Si certains libertariens regrettent qu’un propriétaire ne puisse choisir ses héritiers en dehors de sa famille dans certains pays, comme en France ou en Belgique, où les enfants du riche sont protégés contre la liberté de celui-ci, il ne s’agit que d’un nuage de lait dans le noir de notre affirmation: l’héritage, par sa grande latitude, est une prolongation du pouvoir de décision du défunt sur le reste de la société. Et cela signifie qu’un mort a souvent plus de poids dans la société que des millions de vivants.

Est-ce juste?

D’où vient l’héritage? Est-il justifié dans son essence? Au-delà de la justice, comment explique-t-on l’existence même de l’héritage?

L’héritage remonte à l’époque des débuts du capitalisme.

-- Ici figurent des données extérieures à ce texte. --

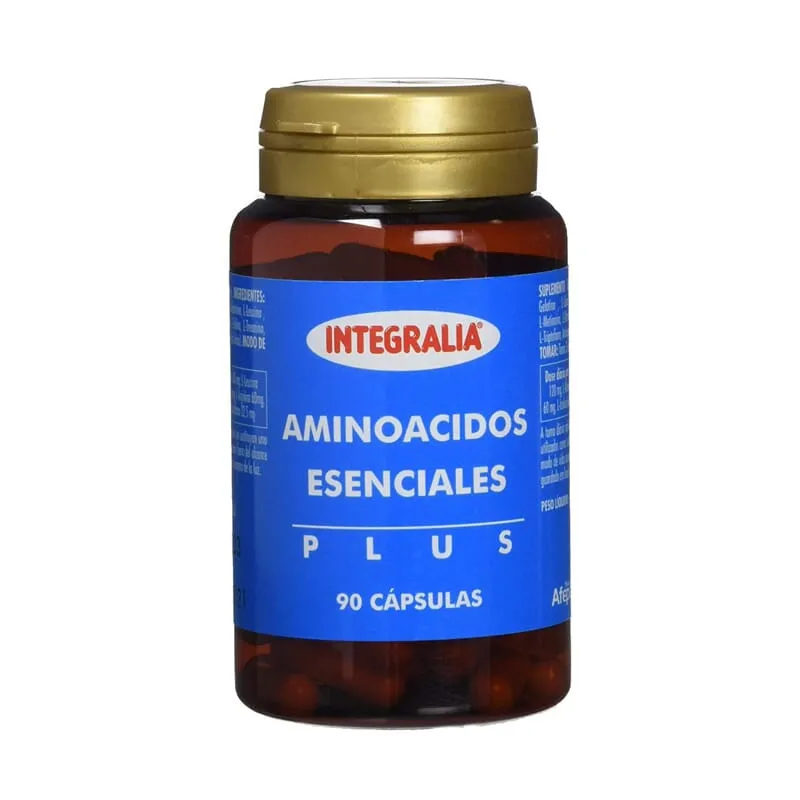 Aminoacidos Esenciales Plus 90 Caps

Dès que certains hommes, spécialisés dans la garde du grenier, puis du temple où l’on amassait les réserves, où l’on gardait la trace comptable des têtes de bétail, où l’on mettait sous la garde des divinités les biens meubles et immeubles de la communauté, se furent assurés que leur progéniture allait reprendre leur charge, ils étrennèrent l’héritage. Ils justifièrent probablement cela aux yeux des autres membres du groupe par la compétence, à l’origine: voyez, j’ai appris à mon fils ce que je savais sur ma charge, il est donc le plus à même de remplir ma charge. Confiscation des savoirs.

Peu à peu, ces fils, ou petits-fils, après quelques générations, définirent des titres suffisants qui leur permirent, à la force du poignet, à la sueur du front des autres, sous la protection des plus forts du groupe, de s’auto-attribuer le succès de celui-ci, afin de réduire à rien la possibilité, la légitimité de la contestation de leurs prétentions. Peu à peu, ils devinrent gardiens officiels, sour les titres de prêtres ou de princes de la société.

Puis, ce dont ils avaient la charge, qui était à l’origine le bien de toute la communauté, devint peu à peu celui d’une entité abstraite, l’Etat, dont ils étaient les responsables. En quelques générations (dix? cent? qui pourra l’établir?), ils réussirent à créer un lien entre eux-mêmes et ces biens. Ce lien, c’est la propriété, puisque c’est le droit de transmettre sans devoir rendre d’autres comptes.

Lorsqu’il n’y avait qu’un gardien, la société était monarchique (pouvoir d’un seul). Lorsqu’ils étaient plus nombreux, elle était théocratique (pouvoir basé sur le divin) ou aristocratique (pouvoir des meilleurs). Avec l’accroissement de la population, ces oligarchies (pouvoir de plusieurs) devint la règle, en dépit de l’importance d’une tête au milieu de tous ces privilégiés.

S’il y avait un roi (et le vocabulaire dut apparaître assez vite), il y avait des adjoints, des prêtres autour qui collaboraient avec lui -et parfois le renversaient, aussi-, pour asseoir une caste supérieure sur le reste de la société, qui “croissait et multipliait” en dessous.

Le vocabulaire accompagnait la fonction, la fonction accompagnait la richesse accumulée, l’augmentation de cette richesse justifiait la conservation des titres, les titres se multipliaient, se sacralisaient, devenaient intouchables.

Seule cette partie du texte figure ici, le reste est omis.